Записка Петра Екатерине о встрече под Гданьском говорила об уверенности в умении Никитина. Оставшиеся в России портреты царской семьи служили доказательством того же признания. Но еще более точный оттенок в определении положения художника давало это его первое и единственное в бумагах Кабинета собственное письмо, адресованное чрезвычайно влиятельному кабинет-секретарю А. В. Макарову. Никитинский слог выдает привычку писать деловые официальные письма. В нем нет штампованных писарских оборотов — художнику никто его не сочинял, все выражения точны, просты и на редкость независимы по тону. «Пресмиреннейший и нижайший раб» — всего лишь форма вежливости, принятая в обращении между людьми, равными по положению. Так писали А. В. Макарову все послы и «российские агенты», так подписывался и он сам в письмах к ним.

Та же уверенность в себе позволяет ему не перечислять проделанной работы, что не преминул бы сделать обычный пенсионер ради единственного желания — выслужиться. Надо просмотреть десятки деловых писем тех лет, чтобы в полной мере понять гордый смысл никитинских слов: «ныне о оном же возобновлять оставляю», как будто проделываемая им работа — нечто само собой разумеющееся, неоспоримо ценное и потому необязательное для упоминания. И в отношении младших товарищей по поездке он покровитель: с одной стороны ученики, собственно пенсионеры, с другой — художник, мастер.

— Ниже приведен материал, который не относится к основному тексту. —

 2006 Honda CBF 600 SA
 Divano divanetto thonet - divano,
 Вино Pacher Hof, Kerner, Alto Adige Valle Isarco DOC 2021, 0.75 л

Живописные полотна, созданные Иваном Никитиным по возвращении из Италии с их блестящей, почти импрессионистической по широте и свободе техникой письма, с обострившимся ощущением человеческой индивидуальности заставили историков говорить о некоем художественном прозрении, совершившемся на итальянской почве. Действительно, это могло быть чудом, если бы за плечами художника не лежала большая творческая биография, если бы он не достиг раньше профессиональной зрелости. Искусство начала XVIII века с его специфической, придирчиво требовательной школой мастерства, возможность формирования художника за короткие сроки, из какой бы страны он ни происходил, совершенно исключало. «Чудо» с Иваном Никитиным произошло за три года. С сопровождавшим его пенсионером Федором Черкасовым не случилось вообще. У другого пенсионера Михаила Захарова, несмотря на несомненную талантливость, отняло долгие годы.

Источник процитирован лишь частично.